Another solution is to focus more on studying the determinants and effects of inequality perceptions and justice attitudes, as well as their longitudinal trends, than on the quantitative estimates themselves. For causal questions, (e.g., those examined by Clay-Warner et al. (2016), Kelley and Evans (1993) and Schneider and Castillo (2015)), the point estimates of those variables are less important than their statistical association with other important variables. And in longitudinal analyses (e.g., McCall, 2013), particular point estimates are less important than changes in responses over time. Longitudinal analyses also make method-specific biases less relevant, since those biases should be constant over time and thus should not affect temporal change. In causal and longitudinal analyses, there is more room for acknowledging some degree of error based on the measurement strategy.

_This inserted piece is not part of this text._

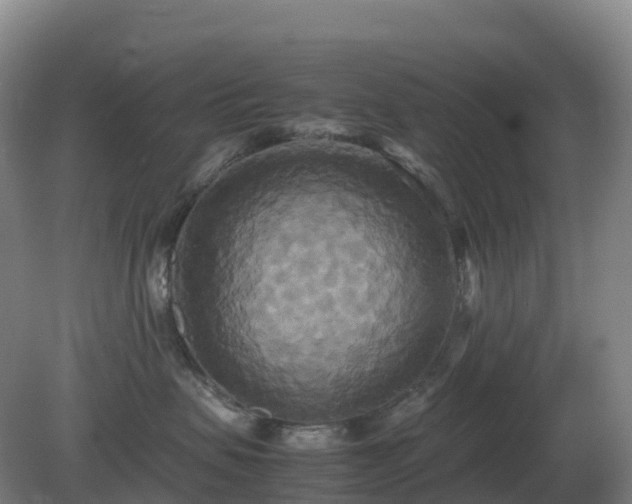 X0000081370479200701182143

The use of multiple measures also helps reduce the chance of reification. This is because, since each measure has its own properties and sources of error, the precise findings of each one will vary (Thye, 2000). Confronting these differences will help researchers and readers remember that no single measure is perfect. Techniques like factor analysis or principal components analysis (PCA) also help prevent reification, since they output standardized factor scores that do not use the original scales of the indicator variables.

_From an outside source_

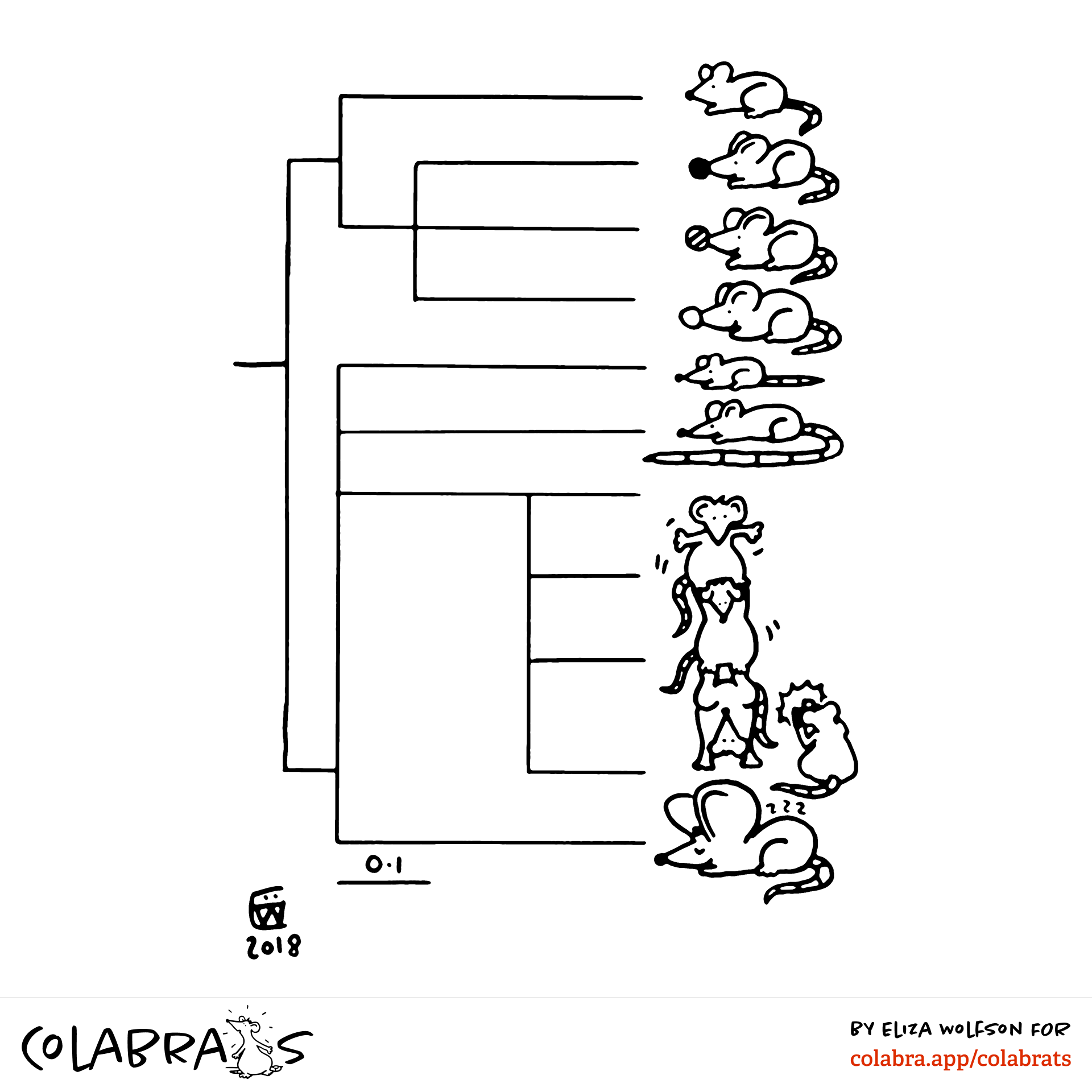 6-phylogeny-colabra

Finally, researchers might eschew quantification and instead develop suitable Likert scales. Likert scales do not have inherently meaningful scales, making reification less likely. The disadvantage is that this would mean adopting obviously subjective measures with no relationship to empirical data on inequality. This approach would thus be less suitable for studies about the sources or consequences of economic misperceptions, which have seen a recent boom (Hauser & Norton, 2017).
The measures we have reviewed contain important insights, despite the flaws our analyses identify. For instance, all measures converge on the conclusion that most people believe that inequality is subjectively high, and higher than they prefer. And quantitative measures may offer advantages that Likert scales cannot; for example, quantitative measures allow researchers to put differences between groups into context by expressing them in terms of ratios and multiples. They also allow researchers to more clearly identify relationships between perceptions of inequality/justice and actual economic conditions, such as the finding that people who live in more income-homogenous neighborhoods tend to anchor their perceptions of incomes more generally on the income level of their neighborhood (Dawtry et al., 2015).

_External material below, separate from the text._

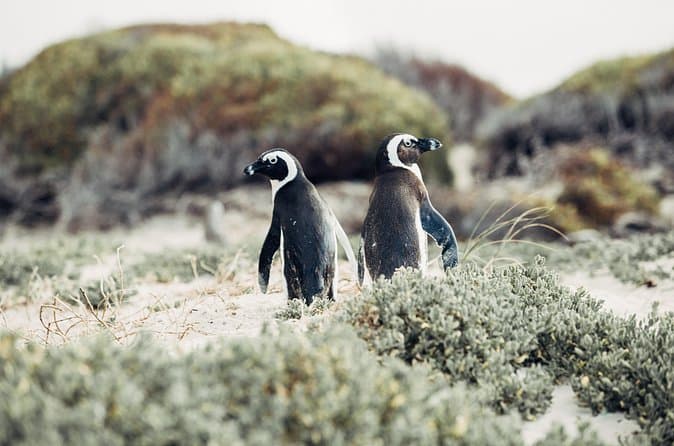 Cape Peninsula and Penguin Colony Day Trip from Cape Town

More broadly, we believe that researchers can develop more useful and reliable measures of perceived inequality and justice if they remember that subjective perceptions and objective reality are quite different areas of study, and different types of measures may be better at measuring either construct.
Conclusion
We compared numerous different ways of measuring perceived inequality and justice and found a range of methodological problems. These include participant comprehension, inconsistent responses, low correlations with criterion measures, and vulnerability to anchoring. These issues cause problems for interpreting existing work and for designing future studies. But we are optimistic that if researchers keep in mind these problems and the aforementioned prescriptions, research on perceived inequality and justice attitudes will be improved.
Notes
To recruit participants, we posted a task on mTurk’s online marketplace, where ‘Workers’ (people from the general public with an mTurk worker account) can perform short tasks posted by ‘Requesters’ (including academic researchers, but also many commercial and industrial groups, e.g., companies crowdsourcing human responses for machine learning). Litman and Robinson (2021) provide full detail on Mechanical Turk. Overall, 54% of Workers who clicked on the description of our study then participated in the survey.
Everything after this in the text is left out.